▶ _HOW TO COMPLETE THIS TASK_
Transcribe, word for word and without additions, each line below from the one containing "Close-up of skin under a magnifier" through the one containing "長胖20斤,臉型怎么變?這些例子看完扎心了!", both ends included.

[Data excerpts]
▶

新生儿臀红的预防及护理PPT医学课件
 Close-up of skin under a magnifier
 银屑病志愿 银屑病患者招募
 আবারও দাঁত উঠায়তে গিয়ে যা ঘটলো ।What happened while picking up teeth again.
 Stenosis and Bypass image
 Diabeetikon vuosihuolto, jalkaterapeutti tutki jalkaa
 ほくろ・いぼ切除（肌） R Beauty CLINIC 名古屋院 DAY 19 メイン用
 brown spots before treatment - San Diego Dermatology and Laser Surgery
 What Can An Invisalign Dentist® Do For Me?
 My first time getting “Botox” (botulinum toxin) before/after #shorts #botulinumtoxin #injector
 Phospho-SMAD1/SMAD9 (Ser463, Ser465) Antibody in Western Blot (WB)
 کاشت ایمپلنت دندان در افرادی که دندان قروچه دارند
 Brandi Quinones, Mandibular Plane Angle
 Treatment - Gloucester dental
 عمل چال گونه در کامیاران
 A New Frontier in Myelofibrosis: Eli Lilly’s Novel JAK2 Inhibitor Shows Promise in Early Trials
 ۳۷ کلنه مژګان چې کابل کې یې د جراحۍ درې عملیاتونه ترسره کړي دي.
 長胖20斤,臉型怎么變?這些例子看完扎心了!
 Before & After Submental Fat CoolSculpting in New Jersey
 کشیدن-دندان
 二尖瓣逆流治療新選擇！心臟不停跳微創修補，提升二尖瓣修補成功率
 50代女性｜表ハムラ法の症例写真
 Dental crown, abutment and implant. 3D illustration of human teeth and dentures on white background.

◀

▶ _ANSWER FOR THIS EXERCISE_
 Close-up of skin under a magnifier
 银屑病志愿 银屑病患者招募
 আবারও দাঁত উঠায়তে গিয়ে যা ঘটলো ।What happened while picking up teeth again.
 Stenosis and Bypass image
 Diabeetikon vuosihuolto, jalkaterapeutti tutki jalkaa
 ほくろ・いぼ切除（肌） R Beauty CLINIC 名古屋院 DAY 19 メイン用
 brown spots before treatment - San Diego Dermatology and Laser Surgery
 What Can An Invisalign Dentist® Do For Me?
 My first time getting “Botox” (botulinum toxin) before/after #shorts #botulinumtoxin #injector
 Phospho-SMAD1/SMAD9 (Ser463, Ser465) Antibody in Western Blot (WB)
 کاشت ایمپلنت دندان در افرادی که دندان قروچه دارند
 Brandi Quinones, Mandibular Plane Angle
 Treatment - Gloucester dental
 عمل چال گونه در کامیاران
 A New Frontier in Myelofibrosis: Eli Lilly’s Novel JAK2 Inhibitor Shows Promise in Early Trials
 ۳۷ کلنه مژګان چې کابل کې یې د جراحۍ درې عملیاتونه ترسره کړي دي.
 長胖20斤,臉型怎么變?這些例子看完扎心了!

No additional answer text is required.